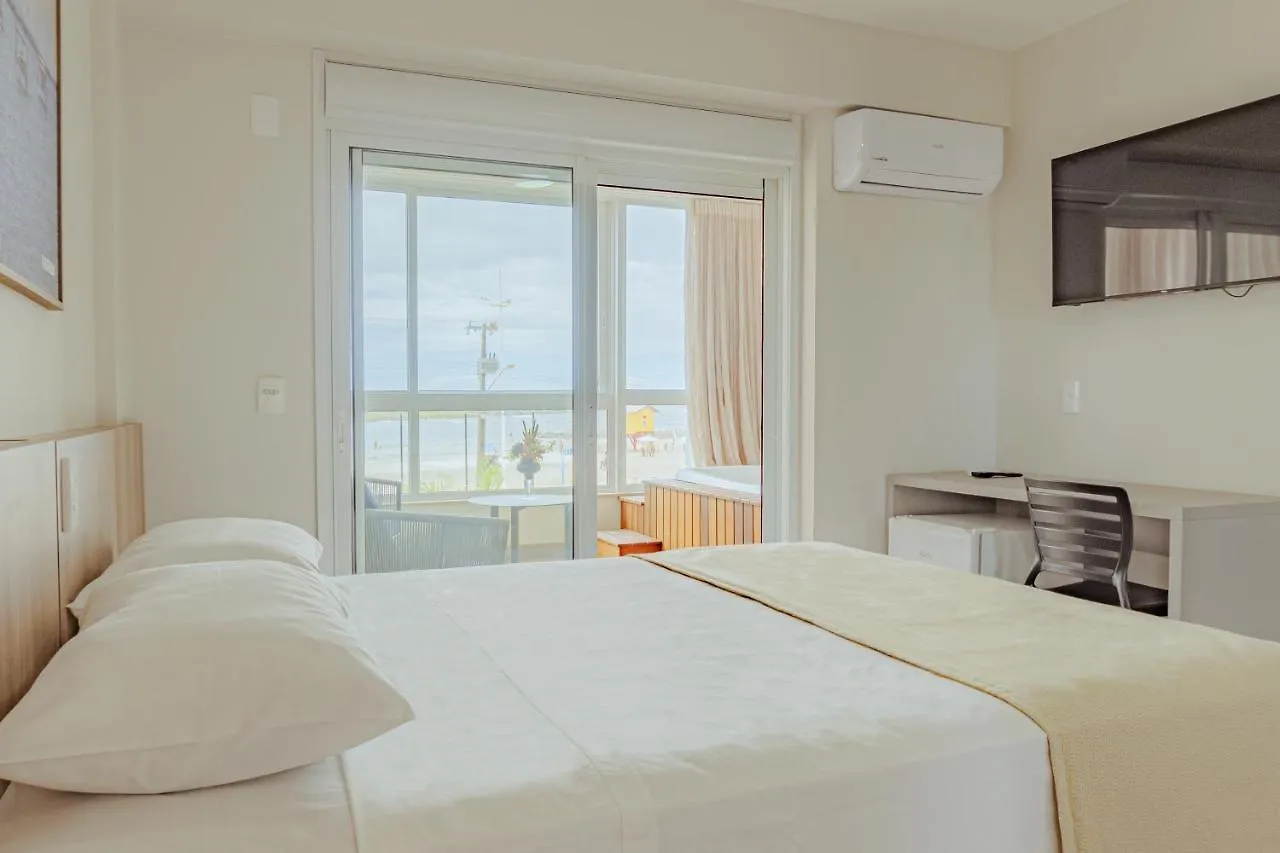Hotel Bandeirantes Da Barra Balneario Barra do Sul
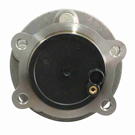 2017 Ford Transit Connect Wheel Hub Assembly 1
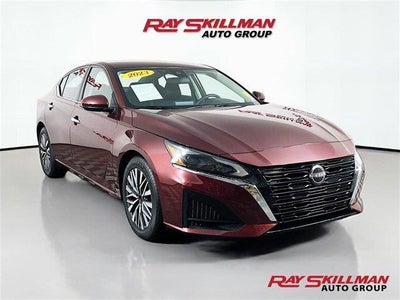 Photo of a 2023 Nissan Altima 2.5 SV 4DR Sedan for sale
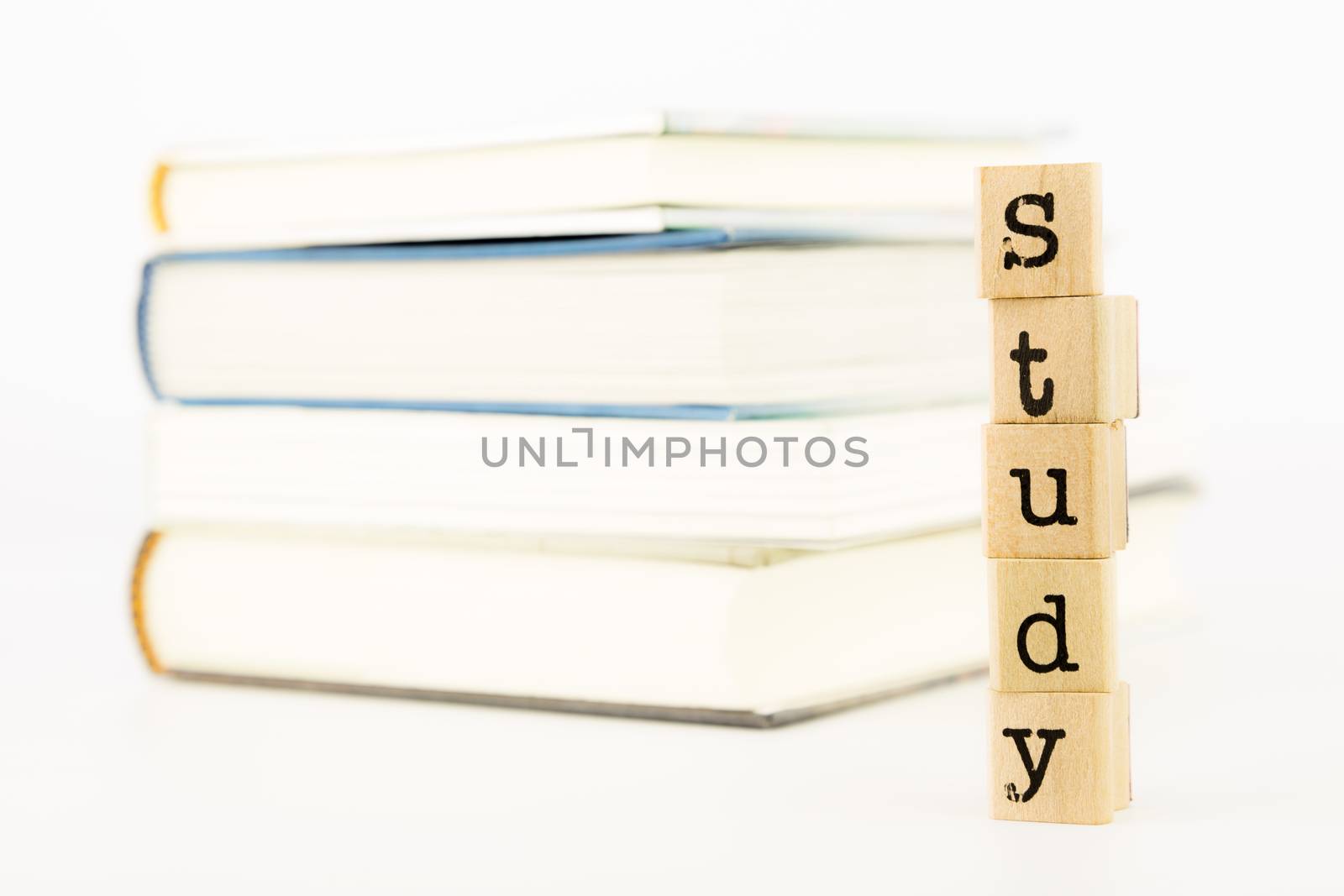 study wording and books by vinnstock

> [TASK INSTRUCTIONS]: An exact transcription of the data above is needed, without the pictures.

> [ANSWER BELOW]:
Hotel Bandeirantes Da Barra Balneario Barra do Sul
 2017 Ford Transit Connect Wheel Hub Assembly 1
 Photo of a 2023 Nissan Altima 2.5 SV 4DR Sedan for sale
 study wording and books by vinnstock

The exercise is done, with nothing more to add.